Avendo potuto parlare con entrambi i professionisti è emerso molto presto come le opinioni dei due psicologi sullo sharenting fossero allineate. Il parere della dottoressa Annabell Sarpato è molto chiaro: si tratta di un «problema di privacy. I bambini – quando si tratta di sharenting – non danno il consenso: prima perché sono troppo piccoli, poi, quando sono più grandi, spesso i genitori neanche chiedono se possono pubblicare le foto». «Anche chiedere a un bambino se vuole che la sua foto viene pubblicata, però, spesso è fine a se stesso perché occorre un’educazione preliminare ad un uso dei social consapevole e responsabile», spiega la dottoressa.
«Il tema dello sharenting sta emergendo in questi anni. Spesso non ci si pone il problema perché non si conoscono le conseguenze che può avere un’esposizione mediatica assidua dei minori sui social – evidenzia Sarpato -. Ci si preoccupa molto dell’educazione alle nuove tecnologie per gli adolescenti, ma occorre partire da molto prima, dato che i bimbi di oggi sono a tutti gli effetti nativi digitali.
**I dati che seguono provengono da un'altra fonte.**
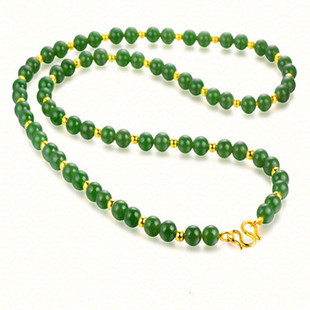 手工编织项链绳子油青翡翠吊坠挂绳男女款挂脖和田玉佩挂件挂坠绳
Occorre formazione per i genitori».
Il nodo è proprio quello della persona in potenza di cui parlavamo all’inizio dell’articolo (punto sul quale entrambi gli psicologi sullo sharenting si sono espressi): «L’importanza della tutela dell’immagine del minore perché il minore, prima di essere un bambino, è una persona. Rispetto per il bimbo che è, ma anche per l’adulto che diventerà. Non si ha più controllo del materiale messo in rete, dunque i bambini da grandi dovranno fare i conti con l’identità digitale creata per loro dai loro genitori, pregna di immagini e fotografie che i bambini non hanno scelto di diffondere. C’è poi la questione dell’adescamento online e del materiale pedoporografico», afferma la dottoressa aprendo una tematica – quella relativa alle conseguenze dello sharenting – che abbiamo approfondito in seguito con il dottor Samuele Russo. «Credo che le conseguenze saranno visibili maggiormente nei prossimi anni, e solo allora potremmo toccare con mano le conseguenze di questo fenomeno», conclude la dottoressa.
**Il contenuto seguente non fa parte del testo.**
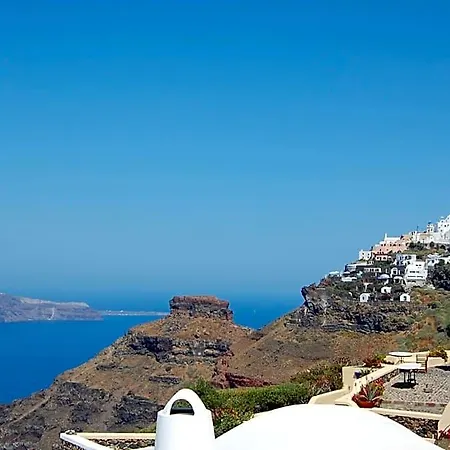 Villa Naxos Double Private Balcony Views Naxos City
Sharenting significa anche che «il rapporto tra care giver e bambino è mediato dal dispositivo»
Sulle conseguenze il professor Samuele Russo ha fatto un ampio ragionamento con Giornalettismo: «Il discorso sulle conseguenze, sia a breve che a lungo termine, le vede coincidere. Si tratta di un fenomeno che innesca nei meccanismi di funzionamento che, a lungo andare, portano conseguenze a breve termine riscontrabili nel rapporto tra i il bambino e il care giver. Il genitore, in pratica, inizia a vivere attraverso i dispositivi i momenti con il figlio. Il rapporto viene vissuto attraverso le foto: se il bambino sta affrontando una tappa dello sviluppo e il genitore – piuttosto che stare col bambino, nel senso vero del termine esserci – la prima cosa che fa è immortalare quel momento per documentarlo (seppure con buonissime intenzioni), questo porta il bimbo – in quel momento – a non percepire il care giver che viene mediato attraverso il dispositivo».
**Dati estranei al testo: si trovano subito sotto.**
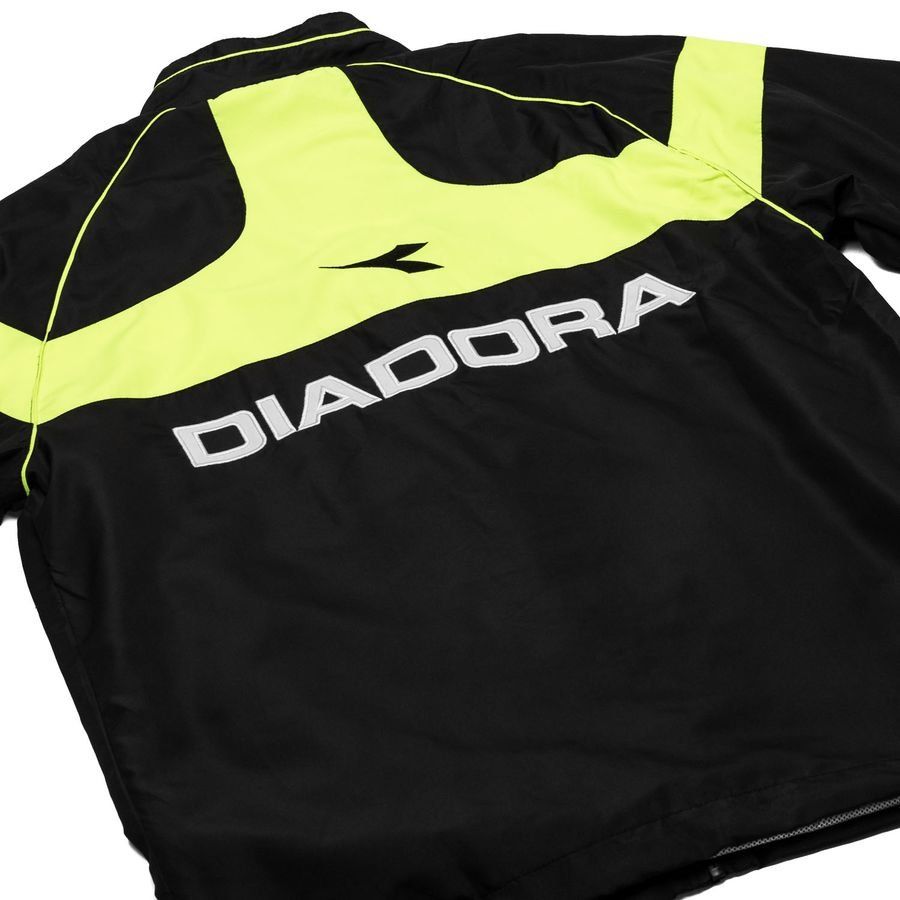 Diadora Ensemble arbitre Copenhagen II - Noir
«Questo – prosegue lo psicologo – porta a una serie di ripercussioni, anche immediata, sulla sintonizzazione emotiva. Questa, che avviene attraverso un processo di sguardi dove il bambino si sintonizza emotivamente con il care giver, se c’è un dispositivo di mezzo viene mediata». Nello sviluppo della modalità di attaccamento, quindi, «abbiamo questo terzo che si frappone tra care giver e bambino non facilitando la relazione e che, anzi, la disturba». Questo, spiega Russo, «può avere ripercussioni e conseguenze anche nel futuro, influenzando il modo in cui il bambino costruisce la propria identità e il modo in cui si rappresenta. Questo può dare luogo anche allo sviluppo di un falso sé, la costruzione di un’identità che non è autentica ma che è stata costruita su un’apparenza».
La conflittualità tra i genitori quando si tratta di condividere i bambini
Un’altro aspetto sicuramente interessante evidenziato da Russo riguarda la conflittualità in quelle coppie di genitori in cui uno vuole condividere materiale sul bambino e l’altro no (con tutto ciò che ne consegue): «Spesso i genitori non sono entrambi d’accordo nel fotografare e immortalare il bambino e questo può creare, a lungo andare, un disaccordo tra i genitori stessi che si vedono poi a dover affrontare la crescita del bambino in posizione completamente differenti; anche all’occhio del bambino – perché spesso i due litigano davanti a lui – traspare una modalità di genitorialità e di accudimento in cui è evidente la mancanza di accordo. Questo può causare, nel bambino, sentimenti di colpa e può farlo sentire solo uno strumento di questa situazione».
«Vanno distinti, inoltre, i genitori che fanno sharenting per una questione di monetizzazione e quelli che lo fanno per mettere in mostra ciò che hanno. Non necessariamente uno esclude l’altro, ma non sono solo gli influencer che fanno lo sharenting, anche quelli che vogliono diventarlo o quelli che vogliono condividere a tutti i costi la loro vita sui social, creando un’identità che non è più la loro ma che si crea tramite l’esposizione dei figli», prosegue Russo.
«Sharenting è anche avvicinamento precoce del bambino alla tecnologia»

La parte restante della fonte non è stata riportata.